## Assignment
Please repeat nothing except the lines from the one containing "Soñar Con Globos: Los" through the end of the records, exactly and without pictures.
-------------------------
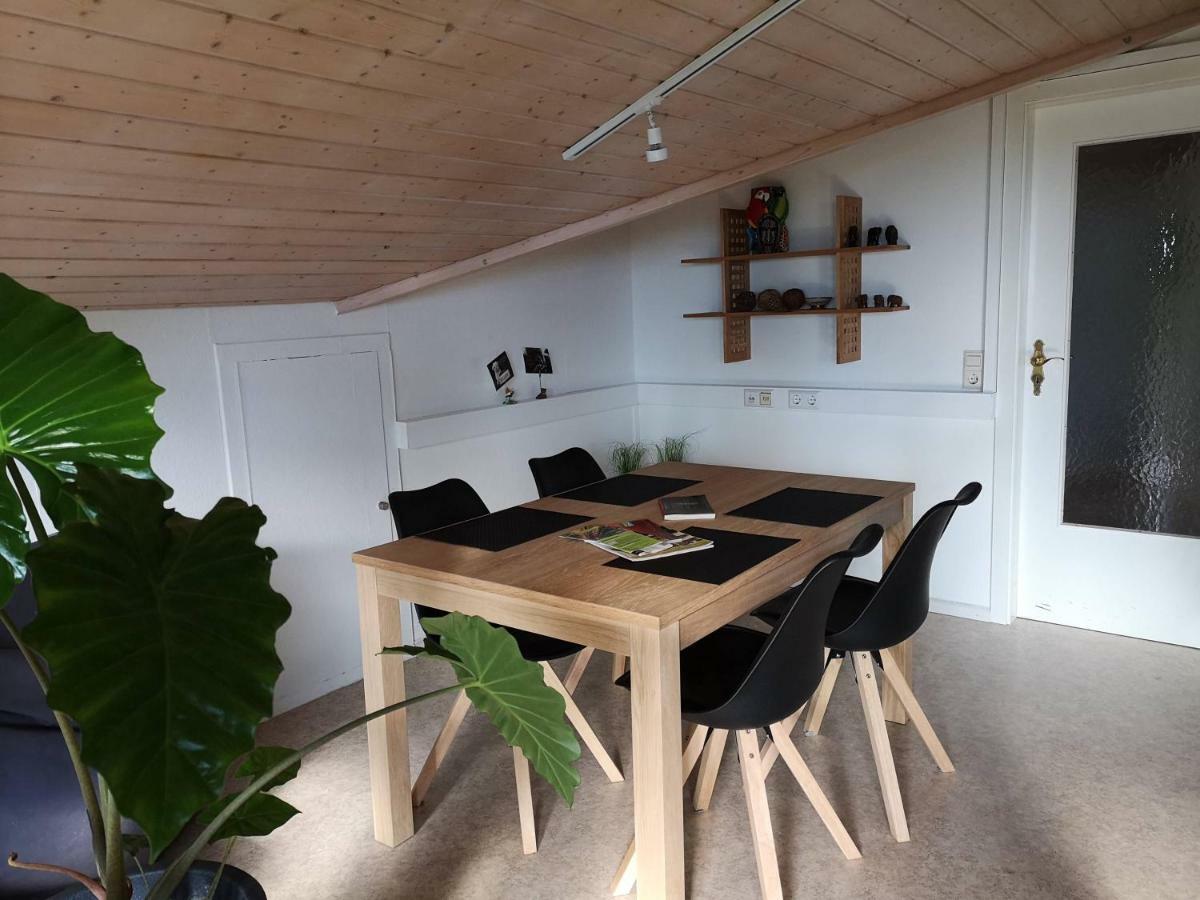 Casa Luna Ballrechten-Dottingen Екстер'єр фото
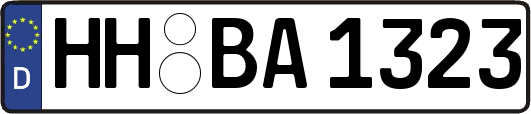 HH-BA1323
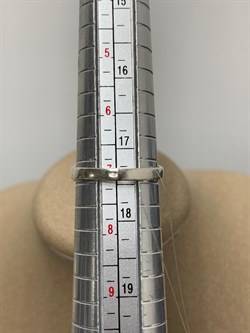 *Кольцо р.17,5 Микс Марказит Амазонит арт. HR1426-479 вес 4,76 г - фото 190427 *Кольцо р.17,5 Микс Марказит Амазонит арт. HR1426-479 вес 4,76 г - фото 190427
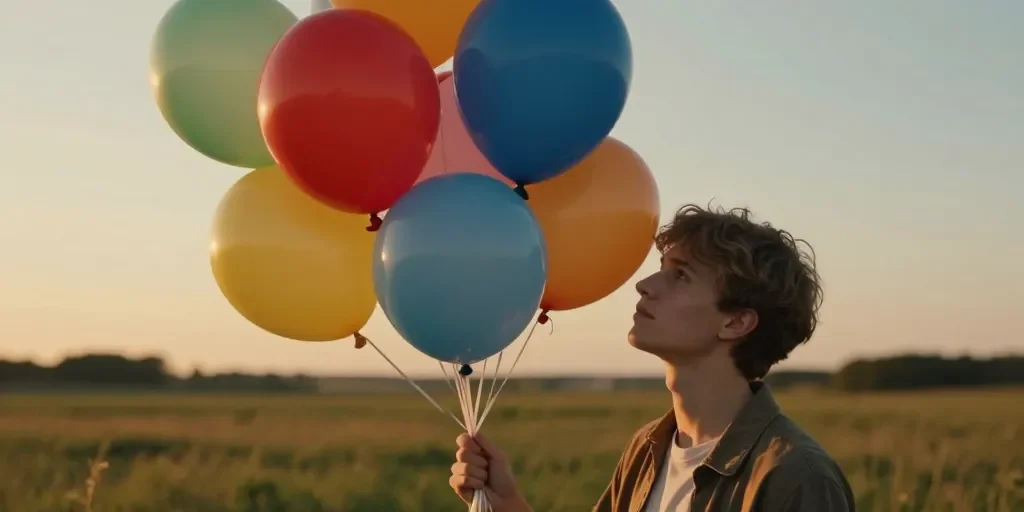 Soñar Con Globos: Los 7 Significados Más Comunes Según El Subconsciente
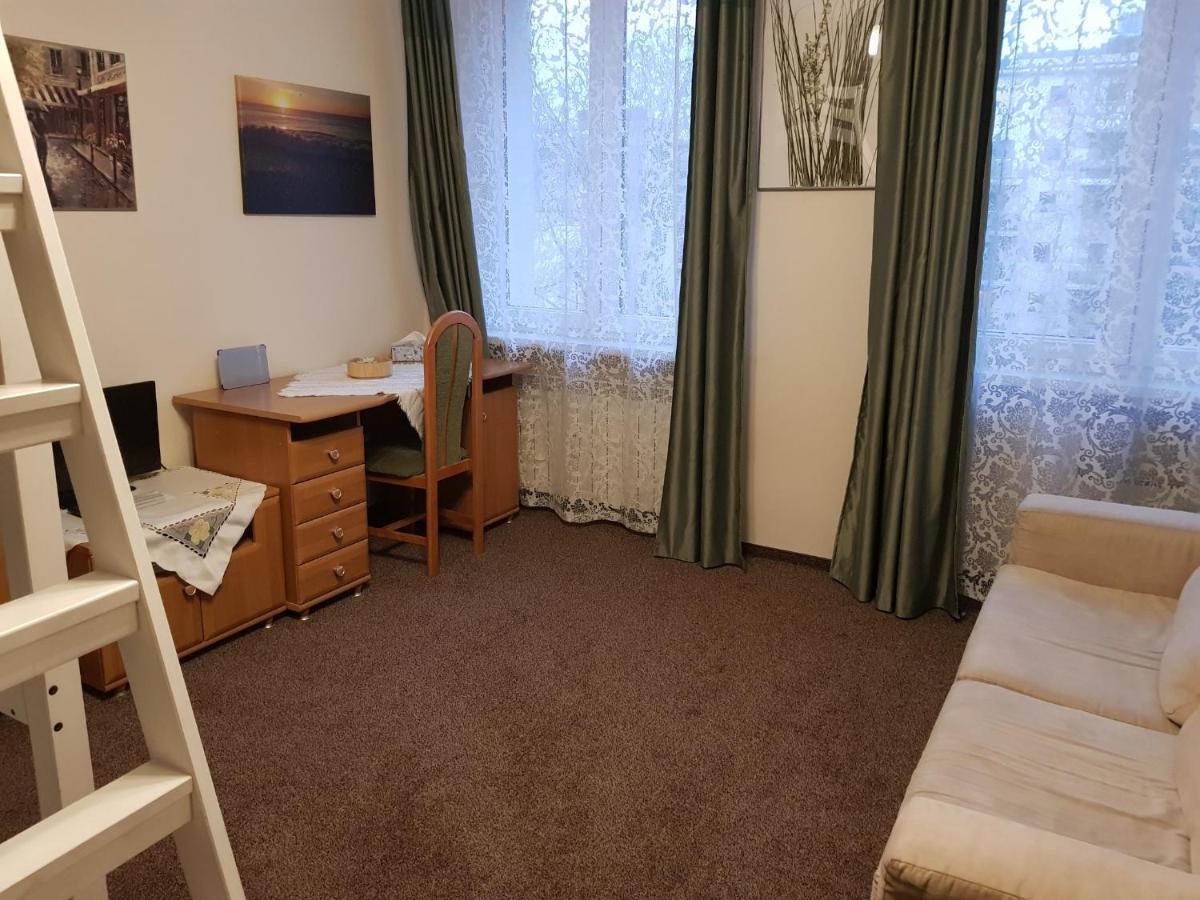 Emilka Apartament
-------------------------
## Final answer
 Soñar Con Globos: Los 7 Significados Más Comunes Según El Subconsciente
 Emilka Apartament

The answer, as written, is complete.